And while the original intent of the ponds has been on handling a certain quantity of stormwater, increasing attention is being given to the quantity of water.
Smith is among a collaboration of professionals from academia, government, business and nonprofits who are working to solve some of the coming problems and opportunities presented by the ponds.
Besides USC’s Baruch institute, those organizations include College of Charleston, Clemson Extension’s Carolina Clear and Ashley Cooper Stormwater Education Consortium, S.C. Department of Natural Resources and Charleston Waterkeeper.
South Carolina Sea Grant Consortium has pulled together experts, some of whom are currently conducting studies on the pond systems, to create a 10-12 chapter “state of the knowledge” report, expected to be finished this summer.
The report will be written in a reader-friendly way in an effort to help provide guidance to the guardians of ponds, such as homeowner’s associations.
Even before publication of that book, efforts are already underway to demonstrate how ponds can function better and provide a cleaner habitat for the wildlife that inevitable move into them.
One example is a demonstration project at the Charleston County offices off of Leeds Avenue where visitors can see a “forebay” and how it functions.
Basically, a constructed forebay is a reservoir of water in front of a larger body of water. The forebay, constructed strategically near a major pipe or culvert, impounds the water and releases it in a controlled way into the larger waterbody, thereby trapping more of the sediment and contaminants in a smaller area.
The county demonstration project also shows how the use of a buffer along the edge of a pond can also provide benefits, from slowing the flow of water, as well as absorb and filter it.
Planting a buffer
One way to improve to the function of ponds is by creating a vegetative buffer along the outer edges, according to experts.

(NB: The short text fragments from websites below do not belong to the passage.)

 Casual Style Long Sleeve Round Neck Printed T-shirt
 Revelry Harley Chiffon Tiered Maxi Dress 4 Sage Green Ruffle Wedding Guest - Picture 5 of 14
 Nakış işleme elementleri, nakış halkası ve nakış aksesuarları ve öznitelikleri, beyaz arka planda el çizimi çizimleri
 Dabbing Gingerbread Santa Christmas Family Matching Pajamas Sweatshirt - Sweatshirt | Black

While all ponds differ in size, Smith says most would benefit from not mowing to the pond edge, planting an edge with appropriate vegetation and creating a relatively shallow, gently sloping “shelf” around the edge for plants.
“We tend to dig ponds as bathtubs with no vegetation on the ground,” says Smith. “There’s a variety of vegetation that could be promoted and allowed to establish along the edge.”

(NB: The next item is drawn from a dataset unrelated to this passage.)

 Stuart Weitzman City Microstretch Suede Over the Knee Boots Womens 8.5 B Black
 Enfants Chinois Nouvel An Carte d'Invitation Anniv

Locally-based civil engineer Joshua Robinson, who is founder and principal of Robinson Design Engineers, calls retrofitting existing ponds “as low-hanging fruit” in improving stormwater quantity and quality controls in the Lowcountry.
Robinson tapped into the power of native plants when designing the drainage plan for the “infill” development, the nine-house Fox Hollow, on James Island. He created a “a stormwater wetlands” that is an ecologically-appropriate mix of open water, shallow marsh and shoreline.
The one at Fox Hollow includes include bald cypress trees, beautyberry shrubs and juncus, a native rush that thrives in wet areas such as ditches.
Robinson says plants play a role in “evapotranspiration,” the process in which plants soak up water from the land and transfer it to the air.
The side benefit of structure is that the area has become a small wildlife habitat.
Robinson says more clients, particularly in urban areas outside of South Carolina, are demanding that the stormwater control systems offer more in terms of nature.
“It’s happening in other parts of the country,” says Robinson, of a growing cultural value for green space. “This is becoming business as usual.”